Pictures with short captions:
********************

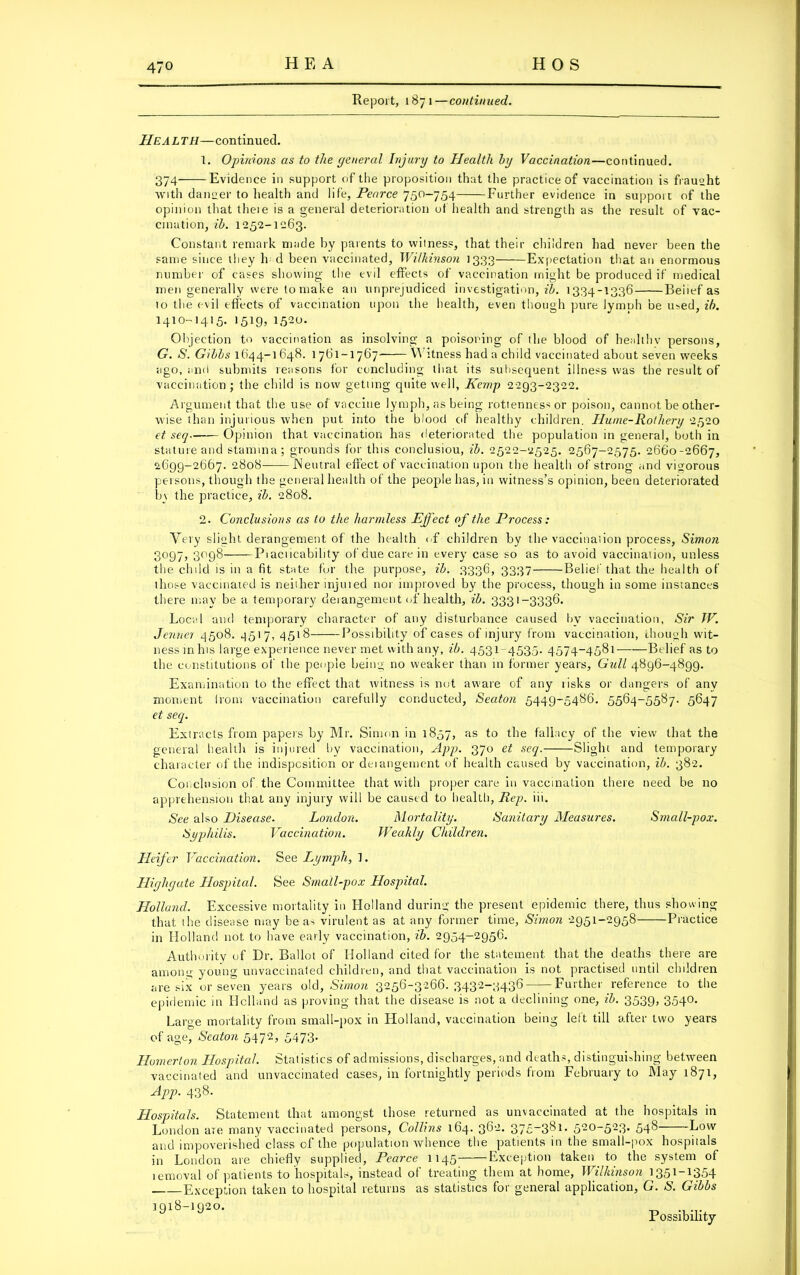 Report, 1871—continued. He A L TH—continued. 1. Opinions as to the general Injury to Llealth by Vaccination—continued. 374 Evidence in support of the proposition that the practice of vaccination is fraught with dancer to health and life, Pearce 750-754 Further evidence in support of the opinion that theie is a general deterioration of health and strength as the result of vac- cination, ib. 1252-1263. Constant remark made by parents to witness, that their children had never been the same since they h d been vaccinated, Wilkinson 1333 Expectation that an enormous number of cases showing the evil effects of vaccination might be produced if medical men generally were to make an unprejudiced investigation, ib. 1334-1336 Beitef as to the evil effects of vaccination upon the health, even though pure lymph be used, ib. 1410-1415. 1519, 1520. Objection to vaccination as insolving a poisoning of the blood of healthy persons, G. S. Gibbs 1644-1648. 1761-1767 W itness had a child vaccinated about seven weeks ago, and submits reasons for concluding that its subsequent illness was the result of vaccination ; the child is now getting quite well, Kemp 2293-2322. Argument that the use of vaccine lymph, as being rottenness or poison, cannot be other- wise than injurious when put into the blood of healthy children. Hume-Rothery 2520 et seq Opinion that vaccination has deteriorated the population in general, both in stature and stamina; grounds for this conclusiou, ib. 2522-2525. 2567-2575. 26G0-2667, 2699-2667. 2808 Neutral effect of vaccination upon the health of strong and vigorous persons, though the general health of the people has, in witness’s opinion, been deteriorated b\ the practice, ib. 2808. 2. Conclusions as to the harmless Effect of the Process: Very slight derangement of the health iff children by the vaccination process, Simon 3097, 3098 Piaciicabihty of due care in every case so as to avoid vaccination, unless the child is in a fit state for the purpose, ib. 3336, 3337 Belief that the health of those vaccinated is neither injuied nor improved by the process, though in some instances there may be a temporary deiangement of health, ib. 3331-3336. Local and temporary character of any disturbance caused by vaccination, Sir IF. Jenner 4508. 4517, 4518 Possibility of cases of injury from vaccination, though wit- ness inhis large experience never met with any, ib. 4531 4535. 4574-4581 Belief as to the constitutions of the people being no weaker than in former years. Gull 4896-4899. Examination to the effect that witness is not aware of any risks or dangers of any moment Irons vaccination carefully conducted, Seaton 5449-5486. 5564-5587. 5647 et seq. Extracts from papers by Mr. Simon in 1857, as to the fallacy of the view that the general health is injured by vaccination, App. 370 et seq. Slight and temporary character of the indisposition or deiangement of health caused by vaccination, ib. 382. Conclusion of the Committee that with proper care in vaccination there need be no apprehension that any injury will be caused to health, Rep. iii. See also Disease. London. Mortality. Sanitary Measures. Small-pox. Syphilis. Vaccination. Weakly Children. Heifer Vaccination. See Lymph, 1. Highgate Hospital. See Small-pox Hospital. Holland. Excessive mortality in Holland during the present epidemic there, thus showing that the disease may be as virulent as at any former time, Simon 2951-2958 Practice in Holland not to have early vaccination, ib. 2954-2956. Authority of Dr. Ballot of Holland cited for the statement, that the deaths there are among young unvaccinated children, and that vaccination is not practised until children are six or seven years old, Simon 3256-3266. 3432-3436—- Further reference to the epidemic in Holland as proving that the disease is not a declining one, ib. 3539, 3540. Large mortality from small-pox in Holland, vaccination being left till after two years of age, Seaton 5472, 5473. Homerton Hospital. Statistics of admissions, discharges, and deaths, distinguishing between vaccinated and unvaccinated cases, in fortnightly periods from February to May 1871, App. 438. Hospitals. Statement that amongst those returned as unvaccinated at the hospitals in London are many vaccinated persons, Collins 164. 362. 375-381. 520-523. 548 Low and impoverished class of the population whence the patients in the small-pox hospitals in London are chiefly supplied, Pearce 1145 Exception taken to the system of temoval of patients to hospitals, instead of treating them at home, Wilkinson 1351-1354 Exception taken to hospital returns as statistics for general application, G. S. Gibbs 1918-1920. _ Possibility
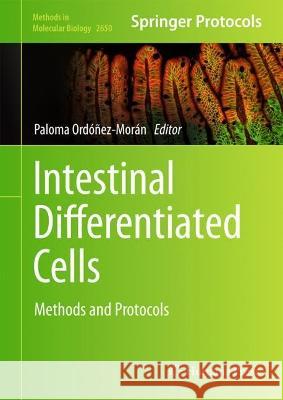 Intestinal Differentiated Cells: Methods and Protocols Paloma Ord??ez-Mor?n 9781071630754 Humana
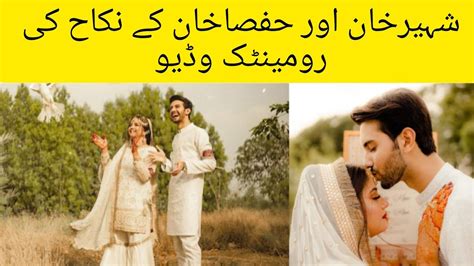 Hafsa Khan And Shaheer Khan Nikkah Romantic Video Viral Youtube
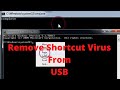 Remove Shortcut Virus From USB Flash Drive Using Command Prompt (cmd) Or Batch File Easily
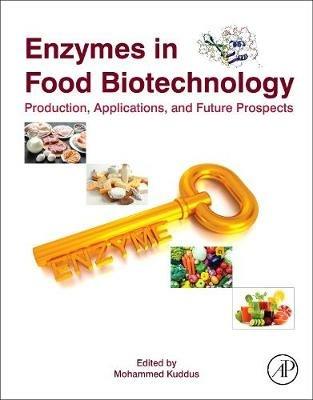 Enzymes in Food Biotechnology: Production, Applications, and Future Prospects - cover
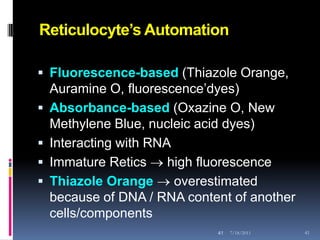 Reticulocyte’s Automation

 Fluorescence-based (Thiazole Orange,
  Auramine O, fluorescence’dyes)
 Absorbance-based (Oxazine O, New
  Methylene Blue, nucleic acid dyes)
 Interacting with RNA
 Immature Retics  high fluorescence
 Thiazole Orange  overestimated
  because of DNA / RNA content of another
  cells/components
                            41   7/18/2011   41
 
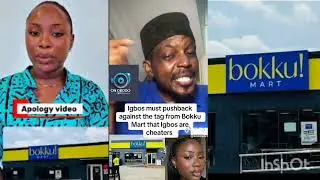 BOKKU MART APOLOGIESES FOR ETHNIC SLUR IN VIRAL ADVERT.#bokku#igbo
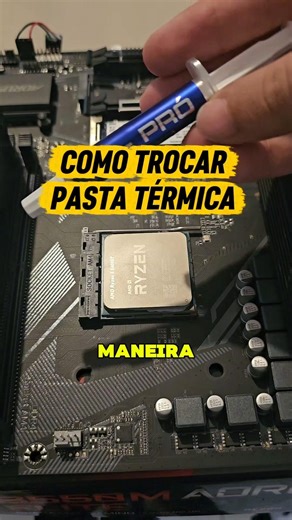 Aprenda a trocar a pasta térmica #fy #viral #pcgamer #pc #informatica #tech #ryzen #amd #dicas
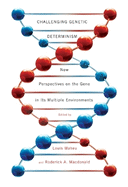 Challenging Genetic Determinism: New Perspectives on the Gene in Its Multiple Environments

********************

- **What the task asks**
Select every line of the records holding the string "Thiazole".

- **Answer**
 Fluorescence-based (Thiazole Orange,
 Thiazole Orange  overestimated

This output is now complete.